_YOUR OBJECTIVE_. Using the records below, write out only the lines from the line containing "Se Gant Superfine" up to and including the line containing "Alt view image", exactly, with no pictures.
───── SUPPLIED MATERIAL ─────
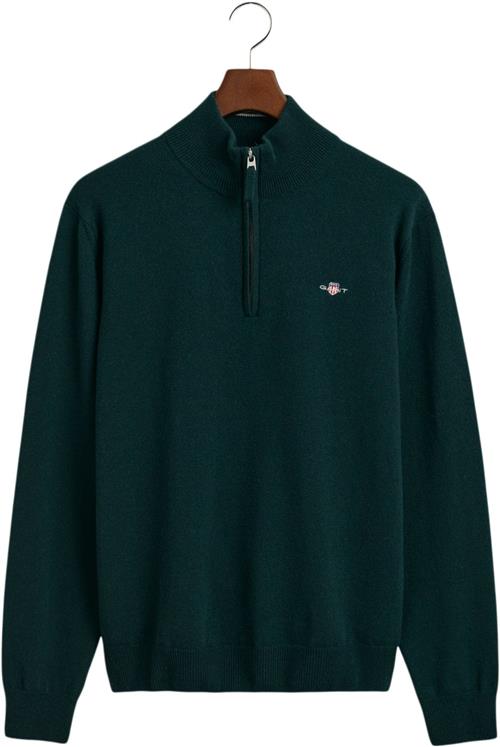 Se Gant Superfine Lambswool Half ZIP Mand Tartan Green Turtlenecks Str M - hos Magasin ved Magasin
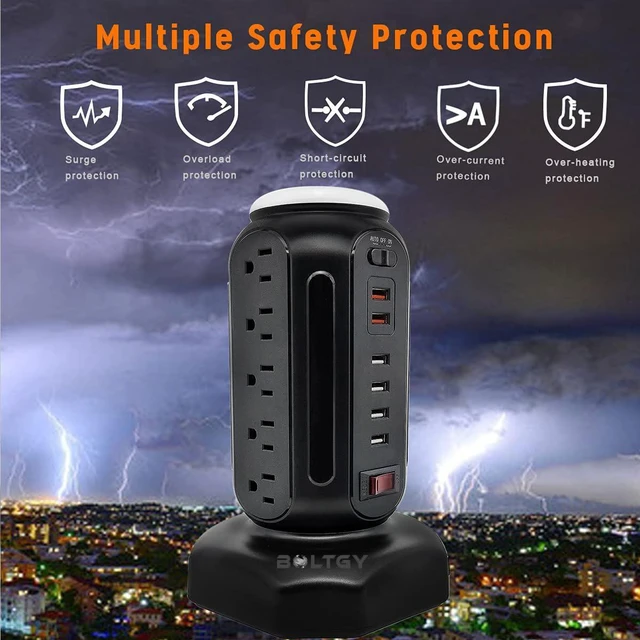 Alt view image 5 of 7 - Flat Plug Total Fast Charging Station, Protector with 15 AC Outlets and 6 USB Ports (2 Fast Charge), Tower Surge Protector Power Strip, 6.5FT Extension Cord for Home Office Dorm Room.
─────
───── SUPPLIED MATERIAL ─────
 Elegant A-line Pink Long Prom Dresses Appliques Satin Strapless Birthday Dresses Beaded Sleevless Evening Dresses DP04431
─────
_FINAL ANSWER_.
 Se Gant Superfine Lambswool Half ZIP Mand Tartan Green Turtlenecks Str M - hos Magasin ved Magasin
 Alt view image 5 of 7 - Flat Plug Total Fast Charging Station, Protector with 15 AC Outlets and 6 USB Ports (2 Fast Charge), Tower Surge Protector Power Strip, 6.5FT Extension Cord for Home Office Dorm Room.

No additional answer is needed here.